I don't know how Debian's solution works, so I couldn't say for certain. Gentoo usually installs the different package versions to their own directories, and there are methods for selecting a "system python" (or lua, etc) which is the target of the /usr/bin/python
symlink. Other versions have to be called with qualifiers (for instance, python3.10
). Python libraries installed through the package manager may install to one or several versions depending on the content of a couple of environment variables, and applications that need python can request a specific version if they need to, or accept the system python if they don't care. (Note that python2 is no longer eligible to be the system python—you need at least one python3, although 2.7.18 remains in the package repository and can be installed as well if you really need it.)
Of course, if you're not a programmer, you can leave the defaults for everything alone, and most of the time it should Just Work.
Gentoo is its own thing. You can bump packages yourself a lot of the time with a few commands. Or have the package manager install directly from upstream source control, if that's your bag. Or you can hold on to older package versions for periods ranging from months to years, by stashing ebuilds in a local repository. At the same time, portage has reached the point where it bends over backwards to keep you from breaking stuff by accident. If you've done your setup right and use primarily stable keywords, breaking changes are very rare. And you're free to install things outside the protection of the package manager, or package things yourself if you don't mind working with bash scripting.
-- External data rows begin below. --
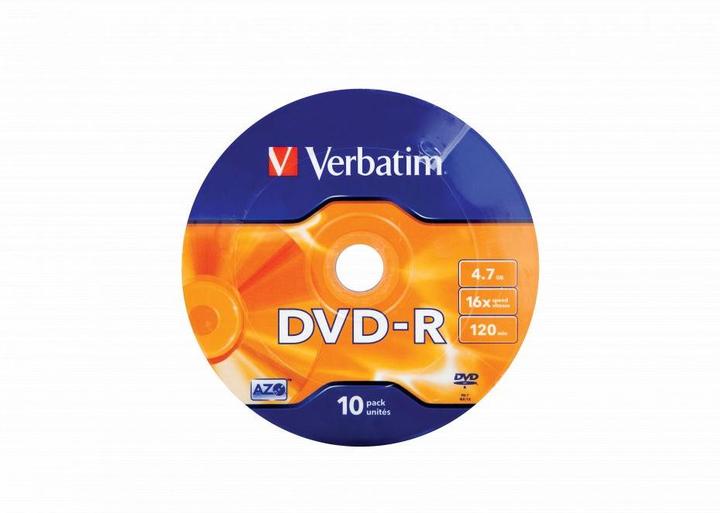 Produktbild Verbatim DVD-R AZO 4.7GB 16X Matt (10 x)
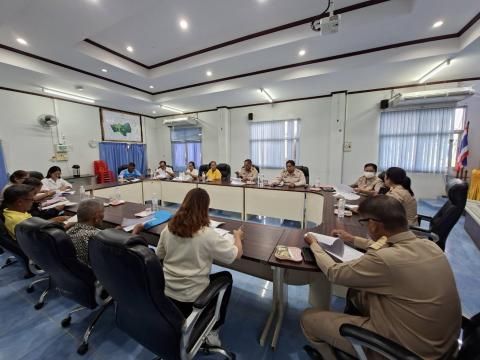 จัดประชุมคณะกรรมการพัฒนาฯ เพื่อให้ความเห็นชอบร่างแผนพัฒนาท้องถิ่น (พ.ศ.2566 - 2570)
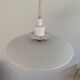 Suspension extensible métal blanc laqué, suède années 70/80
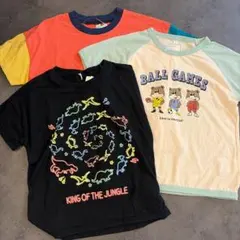 キッズ　半袖Tシャツ　120 3枚セット　恐竜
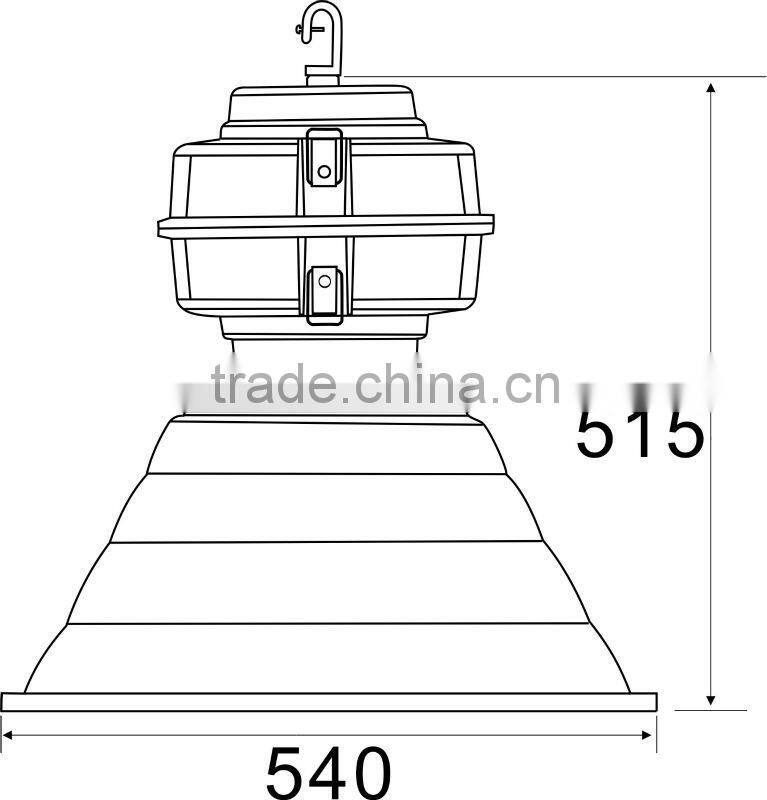 HB203 120w 150w 200w 250w low frequency induction high bay 250w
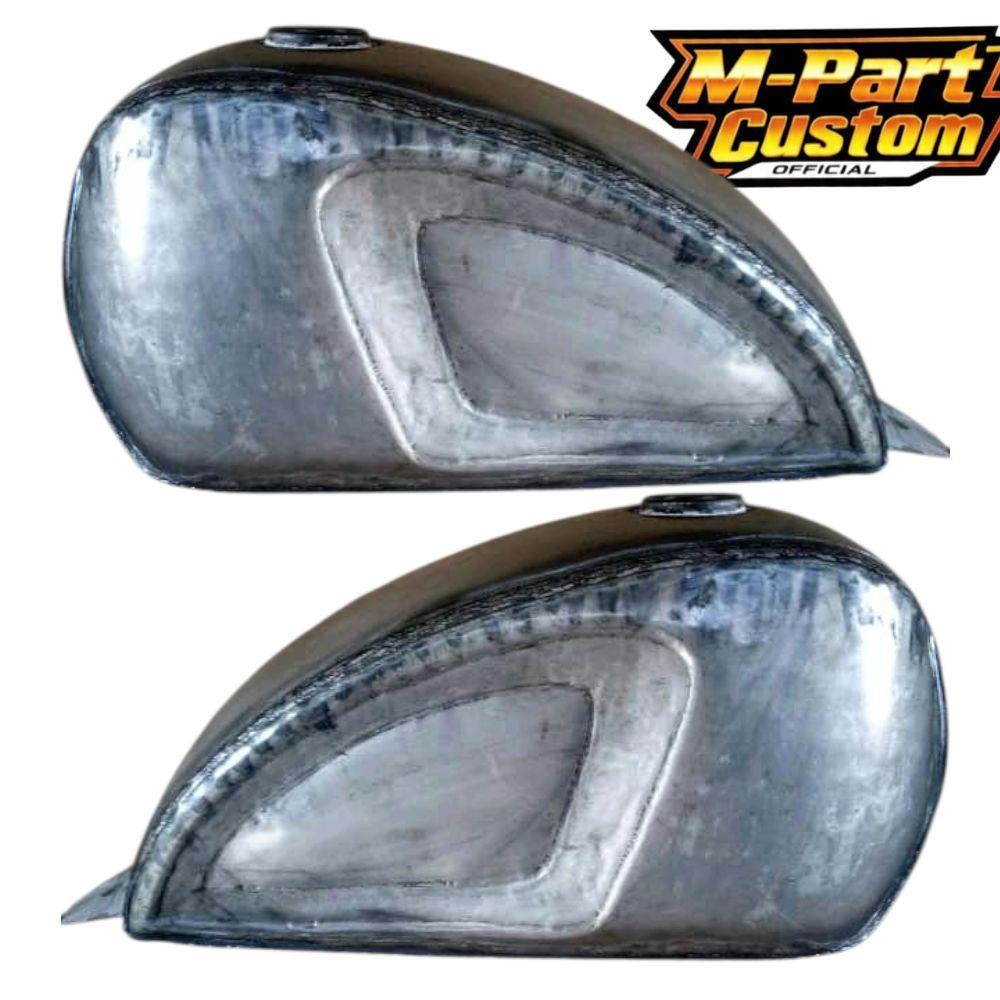 PROMO TANGKI MOTOR [GM] Tangki custom trium japstyle segitiga SCRAMBLER MURAH BISA COD MOTOR CUSTOM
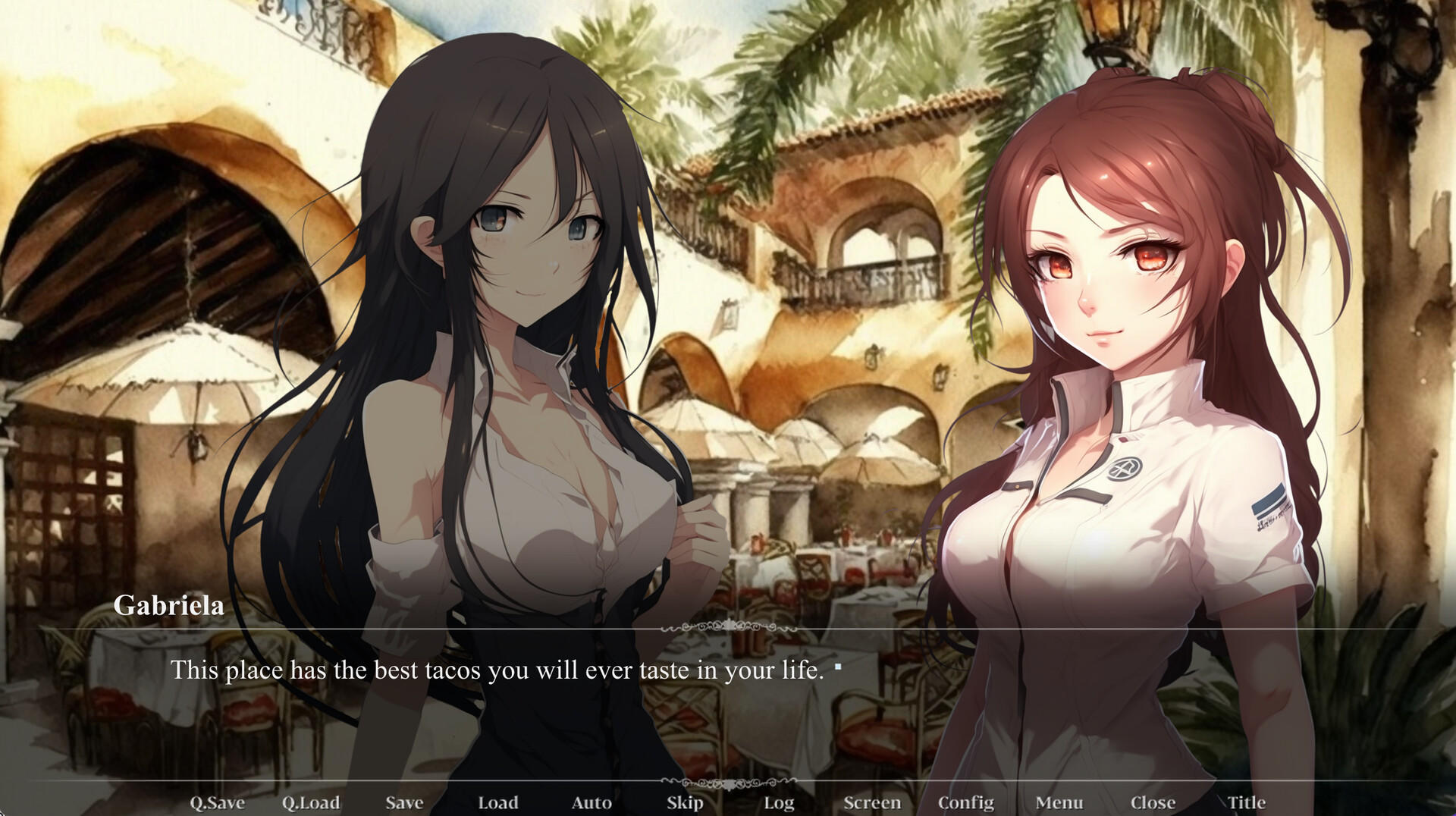 Lovers in Playa Rosa screenshot game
The tradeoff for all of this is that you have to spend a fair amount of time setting up and configuring stuff, and a fair amount of time compiling software if you want a USE flag combination other than what's on the binhost. It also helps to spend time learning the ins and outs of the portage/ebuild ecosystem if you're going to do anything unusual.
As for the proprietary nvidia drivers specifically, Gentoo currently has versions 390.157, 470.256.02, 525.147.05, 535.183.01, and four different 550+ available, which should cover most hardware of the past several years.
If you want to see whether certain software has been packaged without installing Gentoo, the best place to check is gpo.zugaina.org. The search function isn't all that bright, but it's the only site I know of that indexes all the official overlays and the Gentoo bugzilla along with the main repository.